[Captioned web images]
################
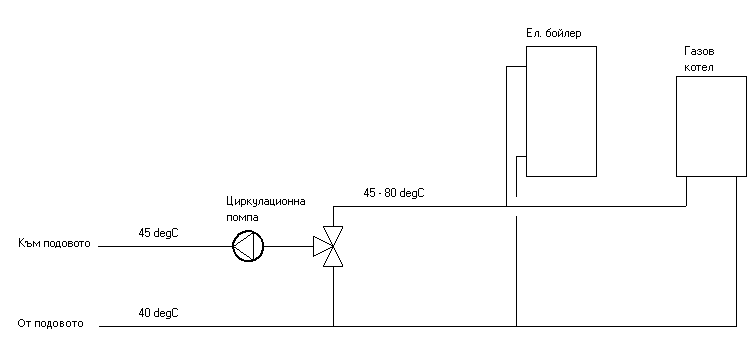 floor_heating_2.GIF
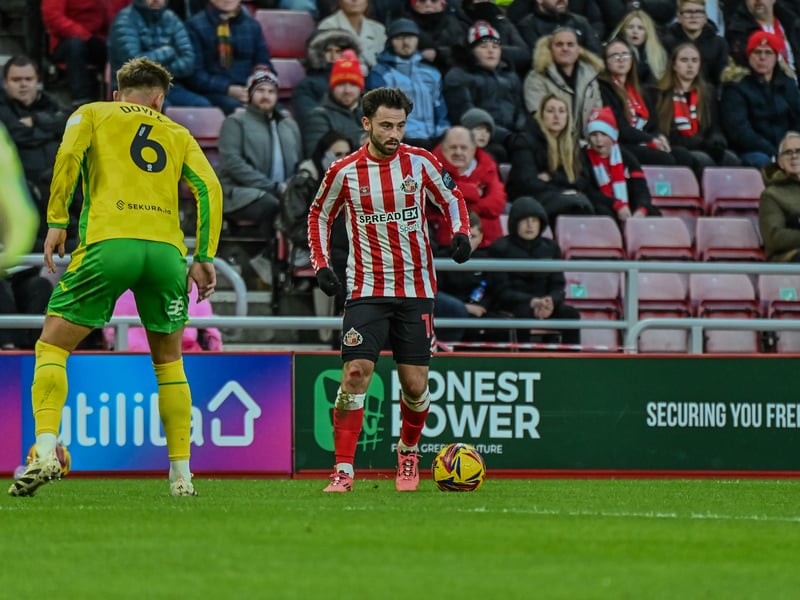 Patrick Roberts has been in fine form for Sunderland this season but may see himself rested and rotated at times if the Black Cats secure additional reinforcements. He makes our team here, though.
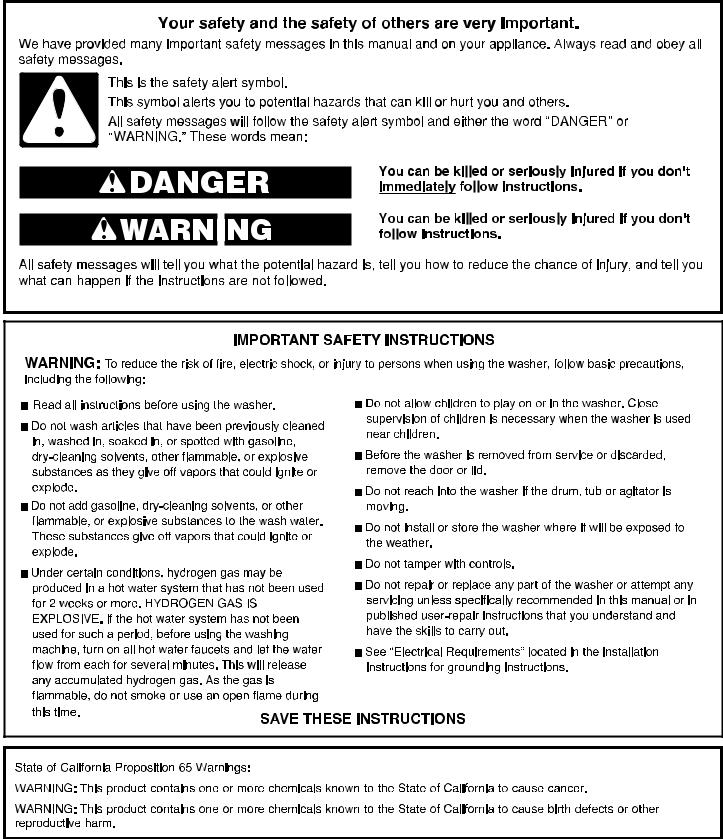 Whirlpool WTW4915EW ENERGY GUIDE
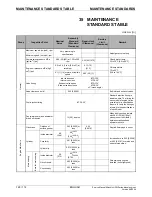 Предварительный просмотр 160 страницы Mitsubishi S4Q User Manual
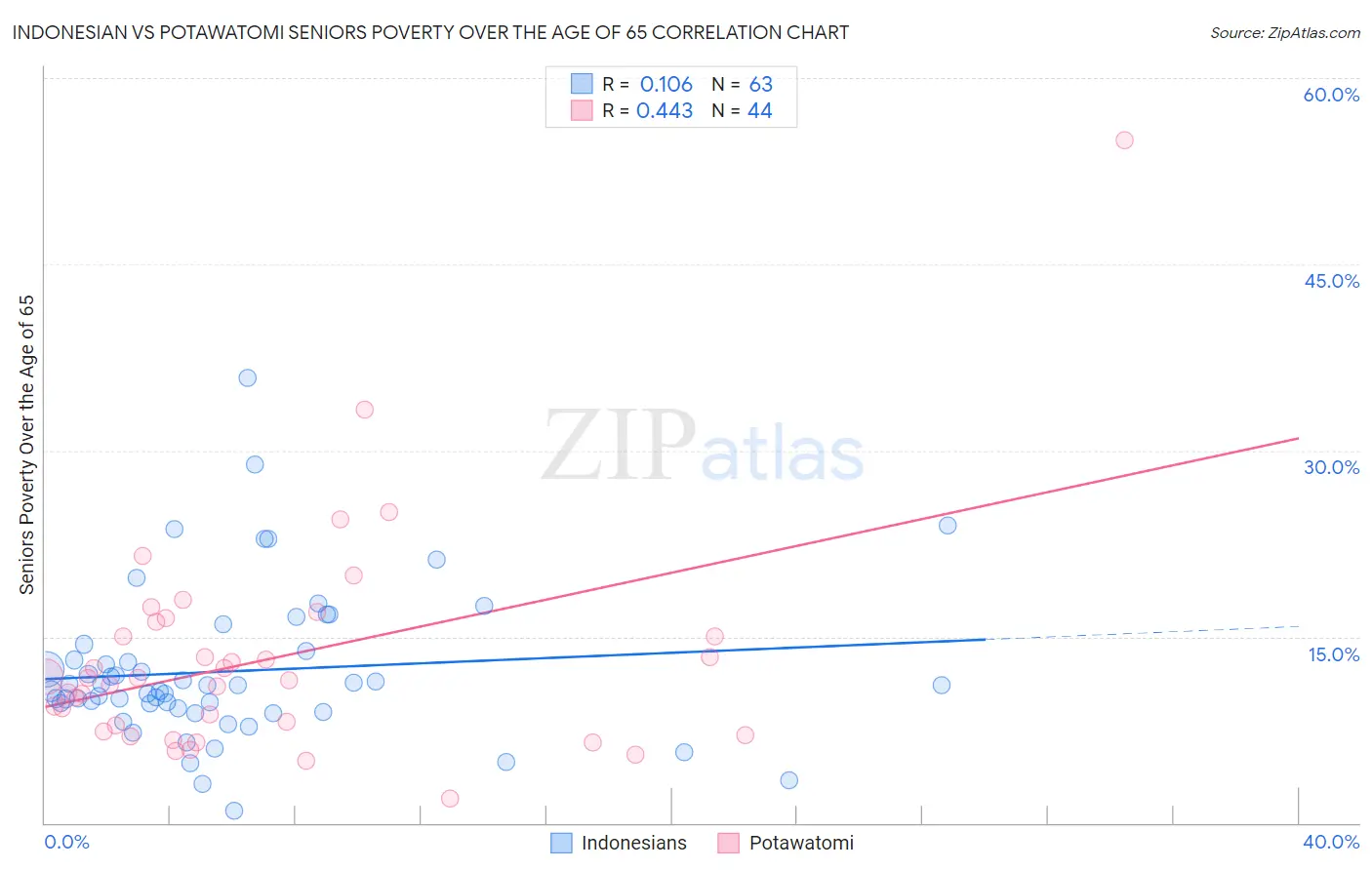Indonesian vs Potawatomi Seniors Poverty Over the Age of 65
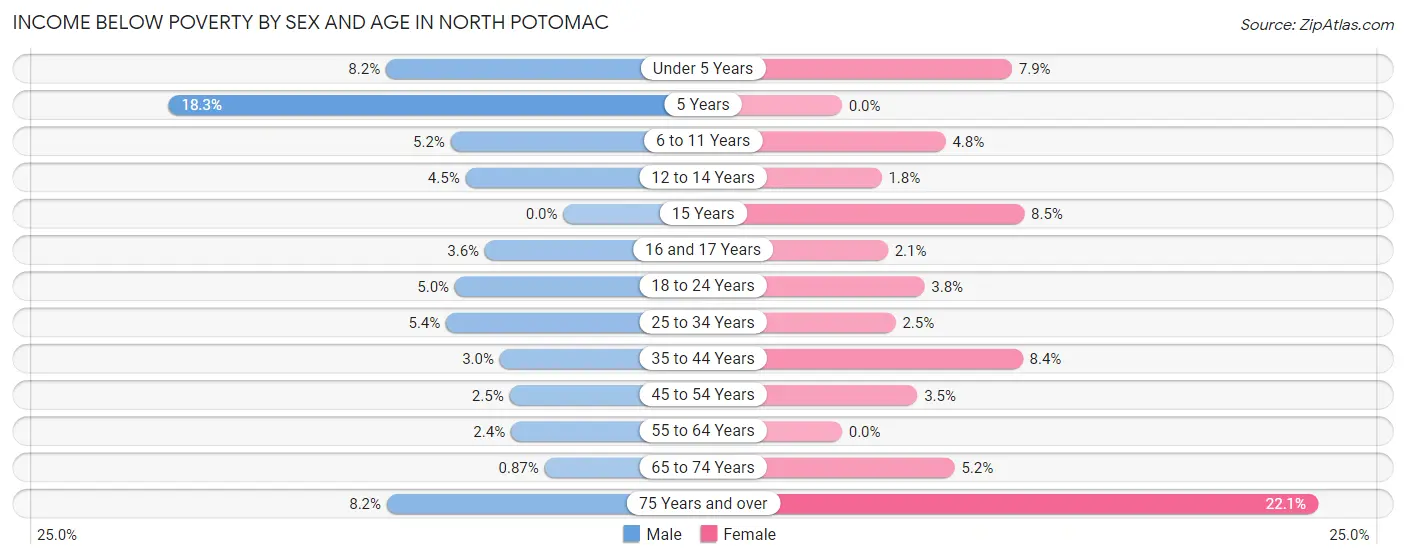 Income Below Poverty by Sex and Age in North Potomac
################
(Work to complete)
The expected output is each record, copied exactly, and nothing in place of the pictures.

(Solution for this problem)
 floor_heating_2.GIF
 Patrick Roberts has been in fine form for Sunderland this season but may see himself rested and rotated at times if the Black Cats secure additional reinforcements. He makes our team here, though.
 Whirlpool WTW4915EW ENERGY GUIDE
 Предварительный просмотр 160 страницы Mitsubishi S4Q User Manual
Indonesian vs Potawatomi Seniors Poverty Over the Age of 65
 Income Below Poverty by Sex and Age in North Potomac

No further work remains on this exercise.